Health equity is something that is very important to me. I didn’t realize how unequal things were until I was reading the obituary section of Kansas City’s black owned newspaper, The Call, and saw over and over how many black people were dying in their 50’s. That is not okay. I made it my mission to try to make a difference. I did that by modifying the old way of providing information in printed, book, or electronic form to a more hands-on method that included medical testing, fitness classes, and insurance sign-up. I love that this program will train librarians to go out and serve people in the area of health in wellness. Health and wellness programming in the libraries is still new and there are still people who don’t feel libraries have a role in this area. I am happy to support anything that might change the minds of both patrons and funders.

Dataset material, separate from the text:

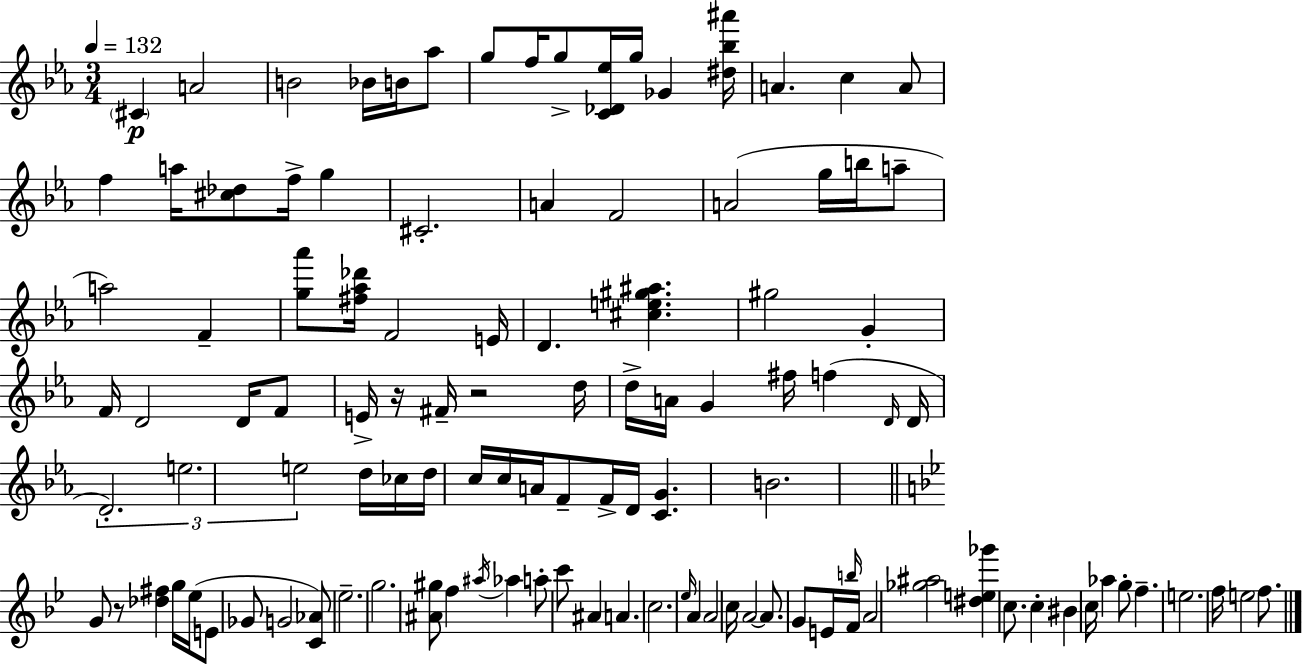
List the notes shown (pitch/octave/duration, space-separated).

C#4/q A4/h B4/h Bb4/s B4/s Ab5/e G5/e F5/s G5/e [C4,Db4,Eb5]/s G5/s Gb4/q [D#5,Bb5,A#6]/s A4/q. C5/q A4/e F5/q A5/s [C#5,Db5]/e F5/s G5/q C#4/h. A4/q F4/h A4/h G5/s B5/s A5/e A5/h F4/q [G5,Ab6]/e [F#5,Ab5,Db6]/s F4/h E4/s D4/q. [C#5,E5,G#5,A#5]/q. G#5/h G4/q F4/s D4/h D4/s F4/e E4/s R/s F#4/s R/h D5/s D5/s A4/s G4/q F#5/s F5/q D4/s D4/s D4/h. E5/h. E5/h D5/s CES5/s D5/s C5/s C5/s A4/s F4/e F4/s D4/s [C4,G4]/q. B4/h. G4/e R/e [Db5,F#5]/q G5/s Eb5/s E4/e Gb4/e G4/h [C4,Ab4]/e Eb5/h. G5/h. [A#4,G#5]/e F5/q A#5/s Ab5/q A5/e C6/e A#4/q A4/q. C5/h. Eb5/s A4/q A4/h C5/s A4/h A4/e. G4/e E4/s B5/s F4/s A4/h [Gb5,A#5]/h [D#5,E5,Gb6]/q C5/e. C5/q BIS4/q C5/s Ab5/q G5/e F5/q. E5/h. F5/s E5/h F5/e.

Maggie Shawcross Maggie Shawcross

Health Sciences Librarian, University of Northern Colorado

I am the Health Sciences Librarian at the University of Northern Colorado in Greeley. There I provide research assistance to students and faculty in the health sciences and teach instruction sessions. My previous library positions include working as a Consumer Health Librarian at North Colorado Medical Center and an Adult Services Librarian at the High Plains Library District. I have worked as public health practitioner, in a variety of capacities, at Sunrise Community Health Center, North Colorado Medical Center,  Larimer County Extension Office, and the Weld County Department of Public Health.
I have a Master’s in Public Health from the University of Northern Colorado and a Master’s in Library Science from the University of Denver and am a Certified Health Education Specialist (National Commission for Health Credentialing).

Gwen Wilson Gwen Wilson

Medical Librarian, Department of Family and Community Medicine

My current position is as the Medical Librarian in the Department of Family and Community Medicine at the University of Missouri – Columbia. In this position I support the clinical practice and research of family physicians who work at primary care clinics in Columbia and the surrounding rural areas. The department also has a family medicine residency program and I assist with their curriculum. The Catalysts for Community Health (C4CH) program relates to my role in the department on several levels. The main level is our department’s mission of a commitment to rural and underserved populations. The other level is that I work with family physicians who not only work with these populations but train future family physicians. Conversations with family physicians will illustrate a unique perspective on the health information needs of rural and underserved populations.   

Previously I worked as the Health Informatics Coordinator/Librarian at Washburn University in Topeka, KS for seven years. In this position I worked primarily with health undergraduate students [nurses, allied health disciplines, social work, human services, etc.]. This position gave me a sold understanding of healthcare positions and the importance of patient centered care.